The Sister put her hand on the girl's arm. "Not yet," she said. "Where have you to go?"

"Nowhere," Jessica answered listlessly.

"Then stay with me," said the woman kindly. "See"--she brought a basket to the bedside--"here's some work. I will teach you to do this, and we will live together. Will you not stay?"

Jessica looked at the work, and silently nodded acquiescence. But nevertheless she sighed. To a nature such as hers freedom was life itself, and she was bartering it away for mere food. Besides, how could she now follow the one who had been so kind to her?

But she stayed, and patiently worked all day, striving earnestly to catch the knack of the needle, and emulating the tireless industry of the Sister, who worked thus during daylight that she might pursue her mission of mercy and succour at night.
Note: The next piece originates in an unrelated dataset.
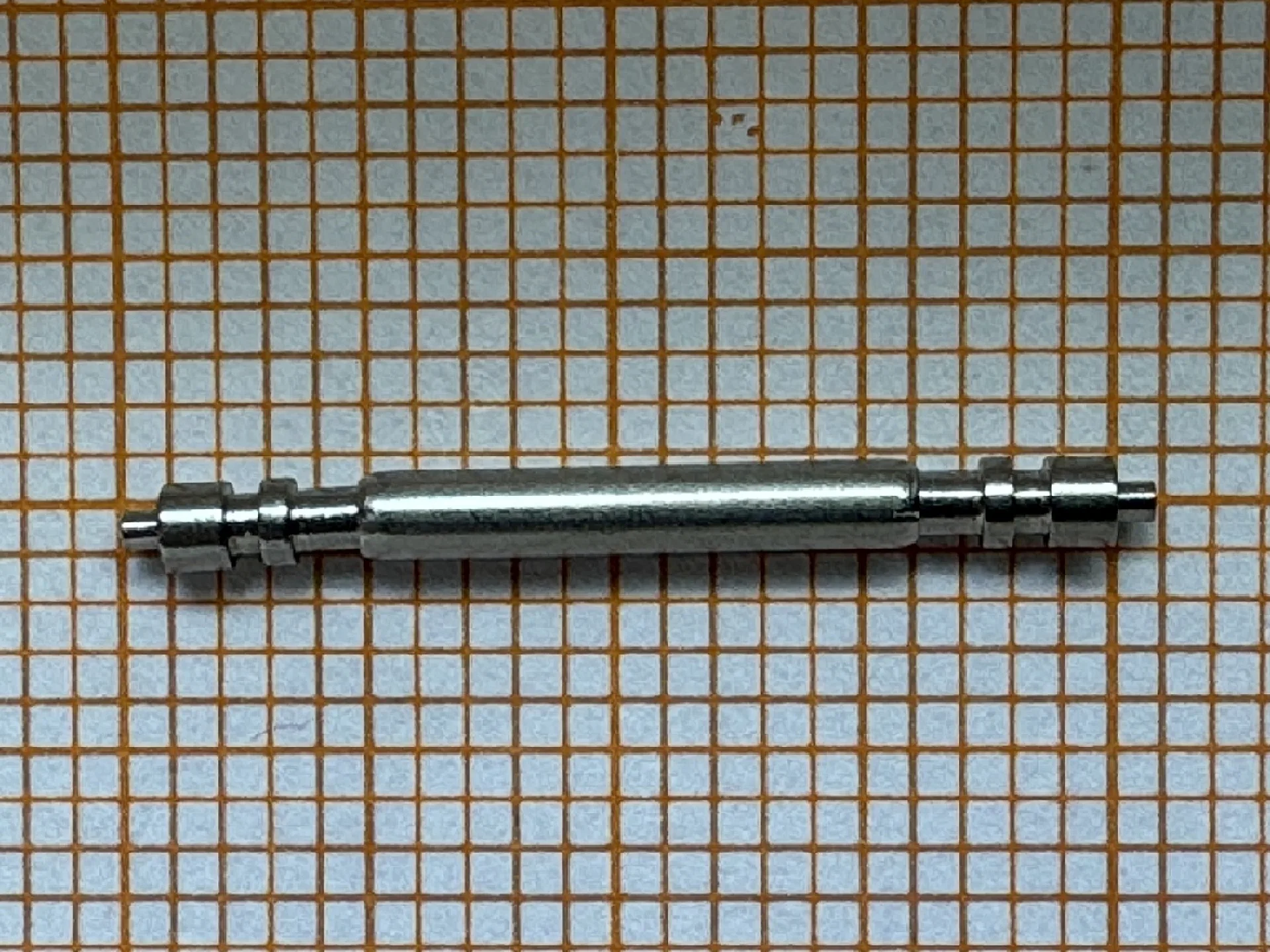 Federsteg Metall Metallener Federsteg für Uhrenarmbänder.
Thus passed some days, and then Jessica's blood grew restless; the narrow room seemed to her stifling and unendurable, and she pined for the open air, as a caged blackbird longs for its native woods.

The longing grew so irresistible that at last she succumbed to it; and one day, finding herself alone, she threw down the piece of work on which she was employed, and rising, snatched up her weather-stained hat.

"I can't stay," she sobbed; "I can't breathe here! I must go, or I shall die. I'll leave before she comes back. Oh! I wish she had not been so kind to me. I feel a worthless, miserable, ungrateful creature!"

Then she stole down the stairs, very much as she had slipped away from Adrien's residence, and gained the streets anew.